Me ocurre frecuentemente que mis colegas no músicos me preguntan mi opinión “como compositor” sobre tal o cual tema de la música popular: “como compositor, ¿cuál es tu opinión sobre los corridos tumbados?”, “como compositor, ¿cuál es tu opinión sobre Rosalía?”, etcétera.
Con el paso del tiempo he optado por una respuesta diplomática y genérica que considero neutral: “Pues está bien, ¿no?”. Esta fórmula sintetizada al máximo permite, en apenas un segundo, enfatizar una cierta aprobación (puesto que el interlocutor generalmente pregunta por músicas hacia las que tiene cierto interés) seguida por el adverbio de negación, en entonación interrogativa, que introduce un tono muy sutil de duda y eventual crítica.

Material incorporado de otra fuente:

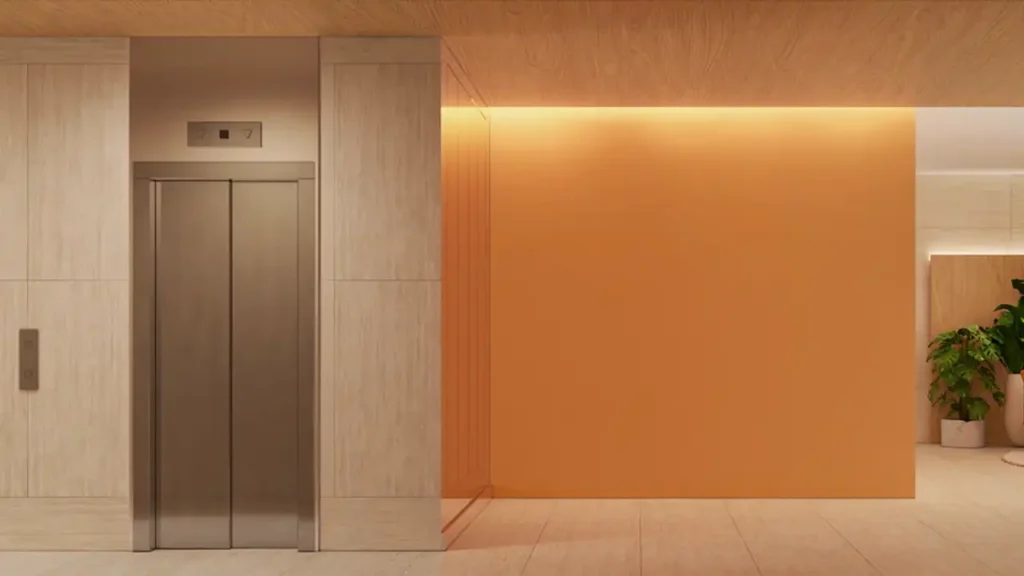 Icon João Moura - NR Pinheiros, São Paulo — Hall, apartamento 1 quartos 28-57m²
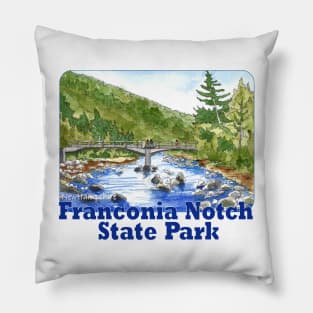 Franconia Notch State Park, New Hampshire Pillow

Es un tema demasiado complicado. Como “experto en música” puedo afirmar que los límites que pretenden defender cierto tipo de música sobre otros tipos son frágiles. Y esto aplica en todas las direcciones. Una respuesta simplificada, pero quizá definitiva, es la de apuntar que cada tipo de música cumple con una determinada función práctica: música para bailar, música para hacer aseo, música para bailar en otra situación completamente diferente, música para una determinada ceremonia, música “demasiado intelectual”, etcétera. En este sentido, la música es buena cuando funciona; es decir, cuando cumple con la función para la cual fue concebida.
Y éste es para mí el único criterio. Todo lo demás es potencialmente rebatible. Puedo sostener y demostrar, por ejemplo, que desde el punto de vista rítmico la música de Rosalía es más compleja que la de José Alfredo Jiménez, y que si analizamos la estructura formal las canciones de Bad Bunny son más complejas que las de Agustín Lara.
Pienso que otro error común al evaluar la supuesta calidad de cierto tipo de música consiste precisamente en extrapolar estas funciones. Hace algunos meses, en una entrevista en Querétaro se me preguntaba por qué antes teníamos a Beethoven y ahora tenemos narcocorridos, sugiriendo implícitamente una pendiente decadente a lo largo de varios siglos de historia de la música. Esto es una extrapolación burda que encierra varias concepciones distorsionadas: Beethoven no fue en su tiempo un fenómeno masivo —como prácticamente ningún compositor de la tradición académica—, los sucesores de la tradición romántica a la que perteneció Beethoven deben buscarse en los círculos académicos y no en los hits del momento, en tiempos de Beethoven existió también, con toda seguridad, música que reflejaba las lacras de su propia sociedad, etcétera.
Unas palabras finales sobre la naturaleza de cierta música especialmente controvertida entre quienes se consideran “de gusto educado”: corridos tumbados sobre mutilaciones, narcocorridos que glorifican episodios sanguinarios, reggaetones y traps de sexualidad explícita en extremo.
Esos tipos de música, que muchos censuramos por principio, la verdad es que representan a una buena parte de la sociedad actual, y concretamente de la sociedad mexicana. ¿Eso justifica su difusión y su promoción? Admito que no, pero eso explica por qué tales “aberraciones” han arraigado con tanta facilidad en el público. Se trata solamente de una manifestación, en el terreno de la cultura, de una sociedad para la cual tales temas se han convertido en asuntos cotidianos, quizá de primer orden. Y en esa medida, su aparición, difusión y arraigo son inevitables.
Me parece que el problema se asemeja al que plantea el materialismo histórico clásico para muchos otros fenómenos de la llamada superestructura, como la religión, el crimen o el Estado mismo: reflejo de las contradicciones de la sociedad de clases, desaparecerán gradualmente en la medida en que se extingan tales contradicciones. Y en esa medida, los decretos y las condenas morales son innecesarios.